Looking at Amazon Turk, and how they crowdsource labeling for their datasets, we wanted to aim at a similar crowdsourcing model for reinforcement learning where imitation learning could be outsourced to the public and users could be rewarded with micropayments each time they successfully improved an existing model. This could very well turn into an App Crowd play system similar to Twitch live gaming. For example, if we were using autonomous self-driving car simulations, we could run an autonomous race league where 1000's of users would participate and turn the this into a "Gamified micropayments for model reinforcement".
What it does
CrowdLearning is an application that outsources imitation learning using dagger to the public wherein a user can help training a model and earn micropayments through Hedera each time they help improve the existing model. To demo our project, we will be using an autonomous self-driving car simulation which is currently not 100% accurate. As users helps improve the model's accuracy in a game simulation, they earn hbar credits each time the model is improved. Conversely, if they make suggestions that potentially make the model worse than it currently is, they would be paying hbars using hedera instead.
How we built it
For the micro-payments, we used Hedera's golang sdk and turned it into a micro-service that is first dockerized into a container and then hosted on a kubernetes cluster to handle load balancing.

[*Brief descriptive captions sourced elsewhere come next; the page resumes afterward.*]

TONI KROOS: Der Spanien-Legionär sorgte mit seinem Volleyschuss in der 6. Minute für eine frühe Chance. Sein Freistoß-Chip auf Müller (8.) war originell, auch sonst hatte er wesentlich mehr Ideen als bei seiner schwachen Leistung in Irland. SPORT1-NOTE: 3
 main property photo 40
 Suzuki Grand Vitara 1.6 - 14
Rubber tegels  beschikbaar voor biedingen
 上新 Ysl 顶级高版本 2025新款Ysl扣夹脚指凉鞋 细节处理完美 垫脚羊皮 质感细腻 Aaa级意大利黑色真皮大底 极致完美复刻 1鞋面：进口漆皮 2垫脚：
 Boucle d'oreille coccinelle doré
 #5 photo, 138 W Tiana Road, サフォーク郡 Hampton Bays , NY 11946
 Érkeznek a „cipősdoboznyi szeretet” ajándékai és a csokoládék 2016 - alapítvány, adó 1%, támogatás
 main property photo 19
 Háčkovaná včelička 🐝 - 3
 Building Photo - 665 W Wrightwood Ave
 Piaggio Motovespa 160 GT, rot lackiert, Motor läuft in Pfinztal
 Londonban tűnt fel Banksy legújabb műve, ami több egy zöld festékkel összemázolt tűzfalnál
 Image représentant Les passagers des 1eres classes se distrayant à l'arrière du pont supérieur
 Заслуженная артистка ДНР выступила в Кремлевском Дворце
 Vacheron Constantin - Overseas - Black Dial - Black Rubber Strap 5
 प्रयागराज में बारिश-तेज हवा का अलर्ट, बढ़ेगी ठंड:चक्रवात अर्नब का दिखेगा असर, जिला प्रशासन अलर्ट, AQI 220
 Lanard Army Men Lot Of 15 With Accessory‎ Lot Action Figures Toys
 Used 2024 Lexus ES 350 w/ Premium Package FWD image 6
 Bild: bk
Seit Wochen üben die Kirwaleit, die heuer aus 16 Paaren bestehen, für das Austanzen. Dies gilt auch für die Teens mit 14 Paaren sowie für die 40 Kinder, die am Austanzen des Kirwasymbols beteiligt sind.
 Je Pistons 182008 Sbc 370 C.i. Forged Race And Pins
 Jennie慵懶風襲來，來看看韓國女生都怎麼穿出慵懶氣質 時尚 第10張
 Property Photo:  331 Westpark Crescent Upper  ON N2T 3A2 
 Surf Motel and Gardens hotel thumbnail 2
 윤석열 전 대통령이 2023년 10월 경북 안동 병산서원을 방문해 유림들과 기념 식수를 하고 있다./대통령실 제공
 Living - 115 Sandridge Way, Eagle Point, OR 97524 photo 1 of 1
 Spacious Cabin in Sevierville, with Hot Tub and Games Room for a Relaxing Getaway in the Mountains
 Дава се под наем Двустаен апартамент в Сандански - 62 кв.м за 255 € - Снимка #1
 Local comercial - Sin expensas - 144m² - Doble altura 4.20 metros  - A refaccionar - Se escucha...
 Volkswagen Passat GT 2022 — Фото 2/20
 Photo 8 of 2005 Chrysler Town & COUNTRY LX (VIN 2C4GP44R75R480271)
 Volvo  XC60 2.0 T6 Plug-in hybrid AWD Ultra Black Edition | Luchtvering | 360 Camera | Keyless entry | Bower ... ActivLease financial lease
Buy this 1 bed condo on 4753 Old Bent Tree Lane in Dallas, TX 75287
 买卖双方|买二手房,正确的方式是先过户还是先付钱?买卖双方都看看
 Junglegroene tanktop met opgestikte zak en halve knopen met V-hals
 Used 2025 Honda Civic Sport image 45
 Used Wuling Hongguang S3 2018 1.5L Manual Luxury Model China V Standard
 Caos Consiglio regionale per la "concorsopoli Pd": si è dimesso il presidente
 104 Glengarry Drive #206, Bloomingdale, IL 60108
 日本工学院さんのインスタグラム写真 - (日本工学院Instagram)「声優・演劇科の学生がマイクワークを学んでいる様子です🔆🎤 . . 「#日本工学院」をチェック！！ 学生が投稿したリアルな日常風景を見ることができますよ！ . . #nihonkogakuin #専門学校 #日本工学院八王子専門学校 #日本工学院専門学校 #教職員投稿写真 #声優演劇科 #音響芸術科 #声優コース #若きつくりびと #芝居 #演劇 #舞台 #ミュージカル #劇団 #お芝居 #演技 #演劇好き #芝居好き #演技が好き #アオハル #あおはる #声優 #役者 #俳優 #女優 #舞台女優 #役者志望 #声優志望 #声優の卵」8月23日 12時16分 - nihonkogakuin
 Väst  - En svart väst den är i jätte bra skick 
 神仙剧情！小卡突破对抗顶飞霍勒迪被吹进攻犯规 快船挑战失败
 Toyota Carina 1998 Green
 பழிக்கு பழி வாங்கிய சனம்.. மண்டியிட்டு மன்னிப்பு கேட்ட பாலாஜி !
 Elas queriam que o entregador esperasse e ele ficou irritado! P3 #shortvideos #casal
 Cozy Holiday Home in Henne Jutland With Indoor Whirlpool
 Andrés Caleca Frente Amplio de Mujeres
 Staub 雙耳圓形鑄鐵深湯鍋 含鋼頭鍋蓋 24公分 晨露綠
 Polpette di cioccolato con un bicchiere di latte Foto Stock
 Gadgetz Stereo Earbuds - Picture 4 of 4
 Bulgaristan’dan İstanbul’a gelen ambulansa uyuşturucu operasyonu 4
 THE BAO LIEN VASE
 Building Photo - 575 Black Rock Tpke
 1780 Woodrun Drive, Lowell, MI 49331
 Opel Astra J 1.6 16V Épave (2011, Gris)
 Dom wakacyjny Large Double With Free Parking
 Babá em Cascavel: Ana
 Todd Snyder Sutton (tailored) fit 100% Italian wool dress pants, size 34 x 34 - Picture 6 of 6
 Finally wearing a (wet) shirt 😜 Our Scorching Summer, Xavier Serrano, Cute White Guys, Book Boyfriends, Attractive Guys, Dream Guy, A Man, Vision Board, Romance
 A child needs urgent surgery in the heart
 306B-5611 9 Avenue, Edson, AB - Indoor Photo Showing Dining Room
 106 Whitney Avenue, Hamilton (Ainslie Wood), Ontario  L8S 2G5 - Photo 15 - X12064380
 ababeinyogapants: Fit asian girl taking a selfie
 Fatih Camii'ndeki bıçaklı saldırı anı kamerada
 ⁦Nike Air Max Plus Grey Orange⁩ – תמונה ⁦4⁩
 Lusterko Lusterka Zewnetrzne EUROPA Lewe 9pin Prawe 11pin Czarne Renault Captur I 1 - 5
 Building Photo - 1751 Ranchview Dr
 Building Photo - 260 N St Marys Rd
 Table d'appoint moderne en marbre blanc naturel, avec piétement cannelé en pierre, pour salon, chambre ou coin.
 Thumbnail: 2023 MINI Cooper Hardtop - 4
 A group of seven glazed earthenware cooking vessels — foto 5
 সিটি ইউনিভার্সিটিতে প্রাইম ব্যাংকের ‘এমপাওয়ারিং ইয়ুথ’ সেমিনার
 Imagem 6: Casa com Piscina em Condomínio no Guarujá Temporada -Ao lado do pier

For the imitation learning, the initial autonomous self-driving car model is not fully trained. This simulation is then deployed on a unity frontend as a driving simulation game where the user can correct the autonomous simulation and help improve its accuracy. We use tensorflow to test the users input against the model (almost in real time) to check if it has improved the model or not and accordingly instantly issue a micropayment to the user's account.
Challenges we ran into
- Updating unity simulator to incorporate the reward check
- Figuring out a real-time check for model improvement
- Understanding the physics of steering
- Learning golang on the fly to convert and use Hedera's sdk
Accomplishments that we're proud of
- Overcoming each of the challenges listed above
- Dockerizing and turning Hedera into a micro-service which can be used by any third party.
What we learned
- Basics of Unity
- Redbull gives you wings
What's next for CrowdLearning
Turn this into a full-fledged online app crowd play where 1000+ users would join in to play the simulation and help model reinforcement.